Should have done this before posting but... Mikesxs shows 35mm forks coming for 77 MY. I guess ill do 34mm around the same time!!!
 
Last edited:
Newbie here......first of all, I really like the triple clamp idea you have and that is certainly a great price.......but I'm kind of confused about a couple of things. How would you mount regular handlebars[non clip ons]? Regarding the instrument cut out holes....wouldn't it be hard to see your tach and speedo with them dropped down in those holes? Also, with them being on such a flat angle relative to the rider, wouldn't they be hard to see unless your riding position canted you forward like on a cafe bike? I would think that it might be especially hard for the chopper guys with their low seat heights and steep fork angles. The bracket idea someone mentioned would be a good idea.....you could angle them back and forth to suit any build style......
Just a thought......
 
Welcome Jack, The model i posted is for my personal build, in which im running a cafeseat, and clip-ons, so Ill be pretty close to them. Thats why Ill leave it up to the buyer. Maybe the one with Gauge cut outs, can be the Cafe model, or just the plain one can be the Cafe model. Not sure at this point. I can do up a couple different models, but if i get stretched too thin, the price will go up. Because, if i can only sell one or 2 a year of a certain model, than its not efficient to make them.

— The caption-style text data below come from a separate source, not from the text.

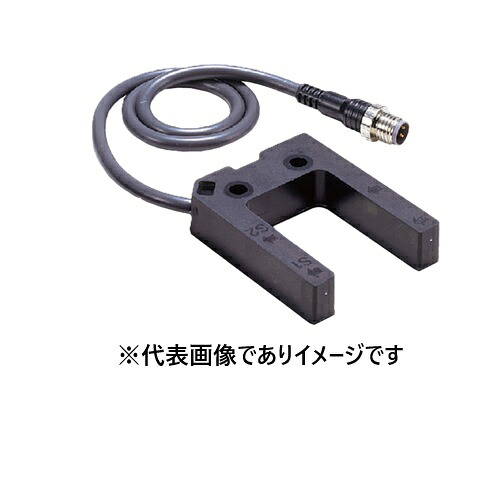 オムロン E3Z-G82-M3J 光電検出器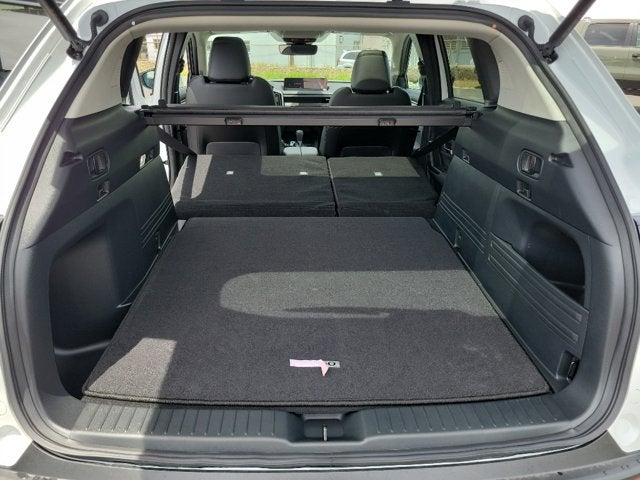 2026 Mazda Mazda CX-50 Hybrid Premium Plus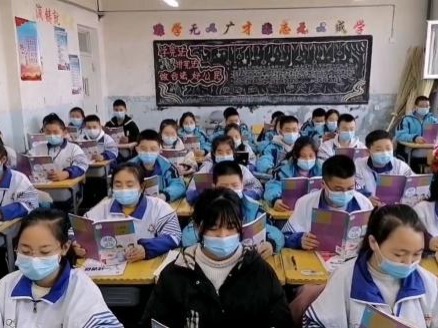 我们要维护国家安全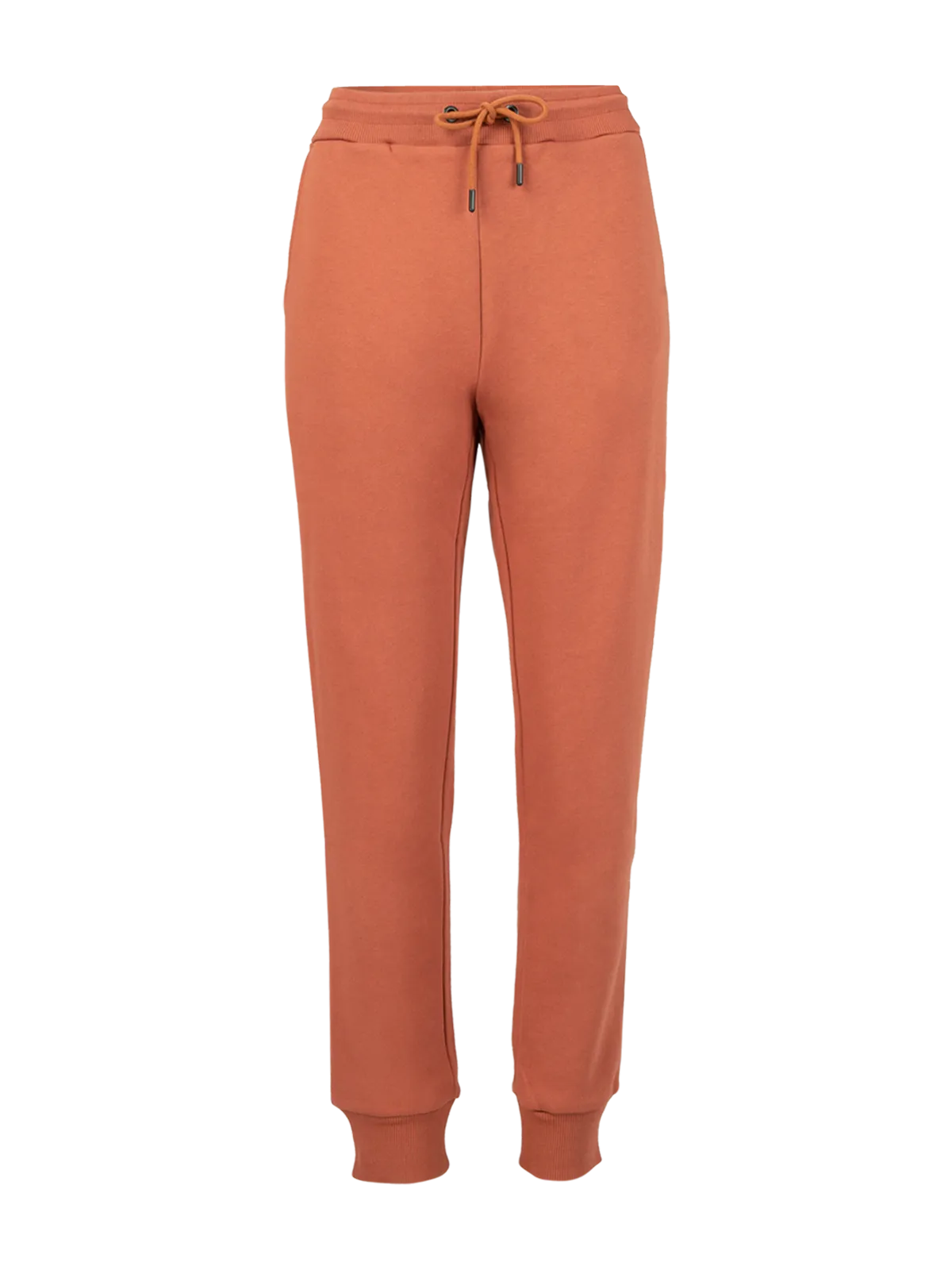 Helka-N Women Sweatpants | Brown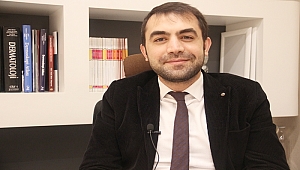 Dr. Orkun Erdem, on yıldır dermatoloji hekimi olarak görevdeyim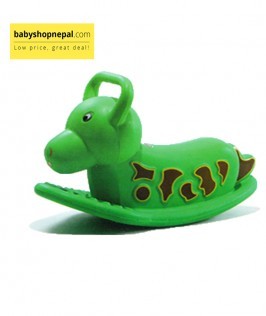 Hippo Ride On 1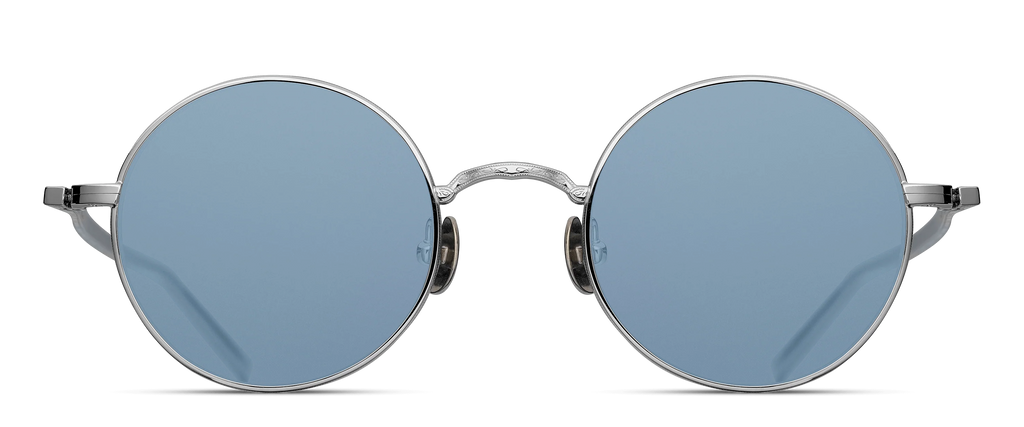 Matsuda 3087 - Color PW Palladium White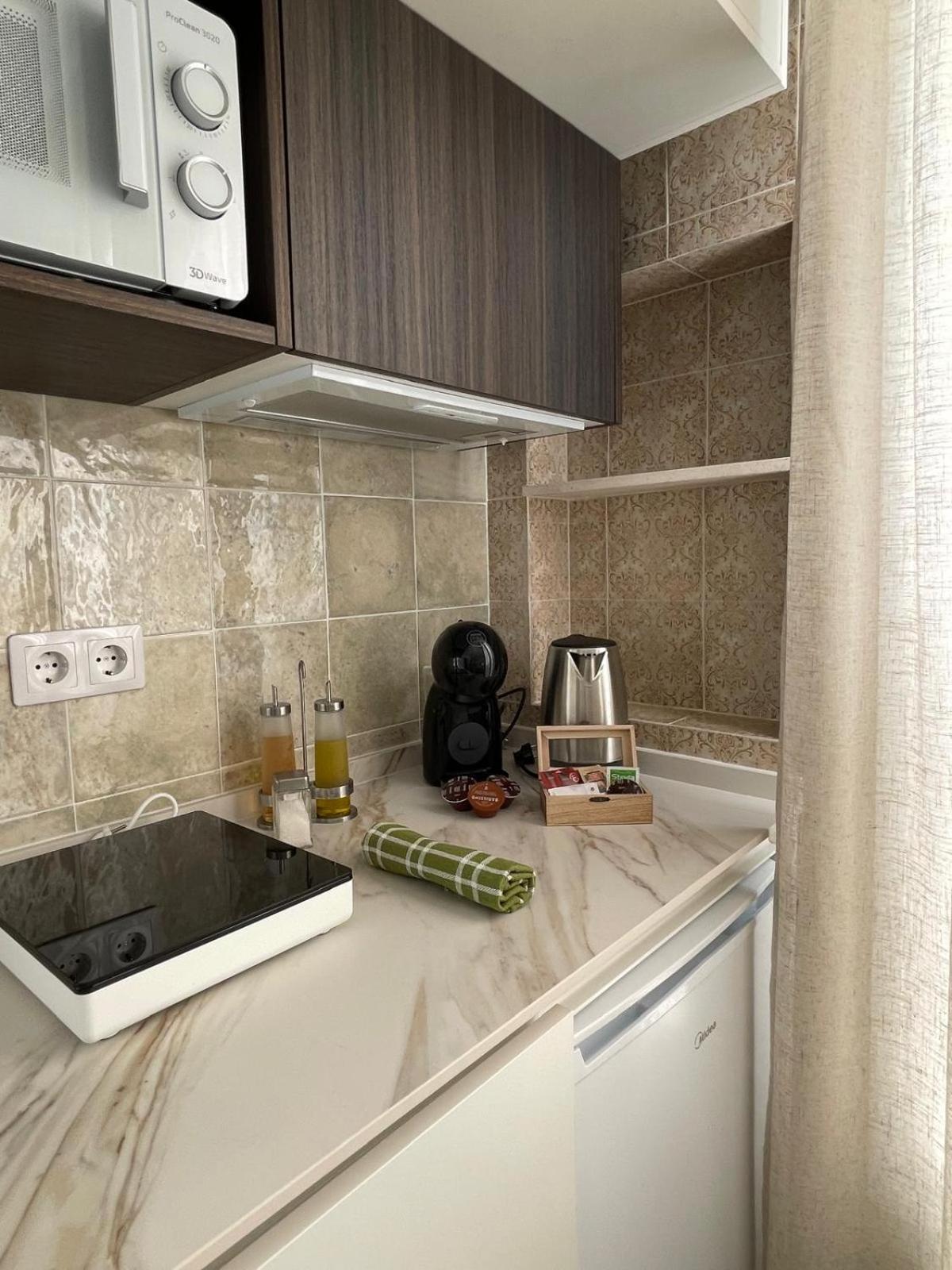 Vivir Arpisama Apartment เซบีญา ภายนอก รูปภาพ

But, I do plan on putting the same bar mount holes in mine, as in the stock ones. That way riders can use their factory rubber dampening mounts, to keep out vibration.

Most likely what Ill have, is a:
Stock replacement model,
Cafe Model A, with nothing extra, but some tapped hole underneath, And
Cafe Model B, with some sort of Gauge holes, similar to the one I posted.
Its still early in the development process.